Opportunities of IoT data analytics
Setting up or expanding enterprise IT systems to handle the enormous computing capacity of IoT data analytics require thoughtful planning and implementation, but the rewards outweigh the challenges. There are endless opportunities where IoT data analytics can be leveraged to boost insights and improve business decisions, including:
1. Sustainable agriculture
Modern agriculture has gone digital, and IoT devices can be found in everything from crop and soil sensors to livestock monitors. The data from these devices is captured and analyzed to provide real-time monitoring of farms, but the predictive analytics of this data is also moving agriculture into a more sustainable world. Problems can now be predicted and corrected, leading to efficient harvest and better livestock health
2. Improved healthcare
IoT devices are becoming popular in the healthcare industry. From connected blood pressure monitors and thermometers to wearable and chipped heart monitors, patient health can be monitored in real-time. Analysis of this patient data gives medical professionals better insights into not only individual patient health, but also trends across large populations of patients. This is leading to better diagnostics and preventive care, and more efficient and targeted care by medical professionals.

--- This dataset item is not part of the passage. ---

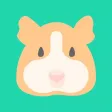 Guinea Pig App Guinea Pig App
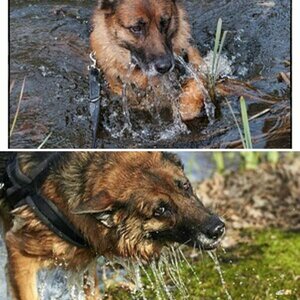 Hundefotos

3. Personalized customer experience
Customers have come to expect personalized service when interacting with digital services and products. IoT data and the analysis of this data can enhance business insights and the ability to create the best experience for customers. IoT data reveals a wealth of customer behaviors and preferences. Over time, the cumulative IoT data can be analyzed and paired with machine learning algorithms, to build a more customized experience for each customer and can even begin to predict customer needs. For example, if a customer asks their virtual assistants to order take out dinner and play jazz music several evenings per week, that data can be used to improve that customer’s experiences and give personalized recommendation across other products on the same platform.
4. Product improvement and innovation
IoT data tracks product performance metrics for all kinds of connected devices, such as automobiles and smart home gadgets. IoT analytics can use these metrics to improve the next generation of product and even predict possible product glitches or failures. The result of IoT data analytics can also be used to identify future consumer needs and leveraged to spark innovation of new products.
5. Energy sector and smart meters
The energy sector is beginning to embrace IoT technology with the use of smart meters. These web-connected devices eliminate the need for meter readers by transmitting accurate energy usage data directly back to the data center. IoT data, coupled with analytics, will improve real-time monitoring, diagnostics into system irregularities, and allow energy companies to predict and forecast potential energy spikes and future outages.
The popularity of IoT devices over the past few years has brought with it an abundance of data. Data is continuously streaming from smartphones, smart home devices, and connected automobiles, to name just a few. For enterprises seeking to capture and capitalize on IoT data, it is important to plan and build a robust IT solution that can integrate this high velocity of data and analyze it. It is IoT analytics that unlocks the value of IoT data.